Since these classes are similar, it would be convenient to define a common superclass Shape that groups them together in the class hierarchy.

==>  We can define an array of Shapes which holds a collection of Circles, Rectangles, etc.

==>  We can write a method that accepts a Shape as its argument, say "draw".  This method could be passed an object of any shape.

However, creating a Shape class presents some problems:

Q:  How can we define the area of a Shape; that is, write its area method?

A:  We can't!  In this case, Java allows us to declare the area method to be abstract.  This means that the class definition for Shape contains only the method's signature (i.e., its name, return type, and parameter list), but no implementation.

Q:  If we instantiate a Shape object, and call that object's area method, what will happen?

A:  Java can't allow this to happen, because there is no implementation of area for a generic Shape, only for its subclasses.  

In this situation, Shape is called an abstract class.  An abstract class is used as a common superclass of a group of related classes in the class hierarchy, but cannot itself be instantiated.  The only way to create a Shape object is to instantiate a Circle or a Rectangle or a Triangle, etc.

To summarize the rules:

1. A class can be declared abstract.  An abstract class cannot be instantiated.
2. A class with at least one abstract method must be declared abstract.
3. A subclass of an abstract class can be instantiated only if it overrides every abstract method of its superclass.  (Such a subclass is often called a concrete subclass to emphasize the fact that it is not abstract.)
4. If a subclass does not override all the abstract methods of its superclass, it is automatically an abstract class.

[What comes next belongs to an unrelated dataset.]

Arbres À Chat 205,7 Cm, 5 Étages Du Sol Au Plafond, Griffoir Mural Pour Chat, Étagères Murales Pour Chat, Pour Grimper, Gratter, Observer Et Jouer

In our Shapes example, the Shape and Circle classes would be defined as follows:

public abstract class Shape {
    public abstract double area();
    public abstract double perimeter();
}

public class Circle extends Shape {
    private double radius;
    public double area()
        { return PI * radius * radius; }
    public double perimeter()
        { return PI * radius * 2; }
    Circle(double radius)
        { this.radius = radius; }
}


A few coding examples to illustrate the use of the abstract class:

example  Create an array of Shapes and put some objects in it.

Shape[] shapes = new Shape[5];

shapes[0] = new Circle(1.0);
shapes[1] = new Triangle(2.0, 2.0, 2.0);
shapes[2] = new Circle(2.5);
shapes[3] = new Rectangle(3.0, 4.0);
shapes[4] = new Rectangle(2.0, 2.0);


example  Find the sum of the areas of the shapes in the array.

double areasum = 0.0;
for(int i = 0 ; i < 5; i++)
    areasum += shapes[i].area();


example  Print the area of the shape with the smallest perimeter measurement.

int imin = 0;
for(int i = 1; i < 5; i++)
    if( shapes[i].perimeter() < shapes[imin].perimeter() )
        imin = i;
System.out.println("The area of the shape with smallest perimeter is " + shapes[imin].area() );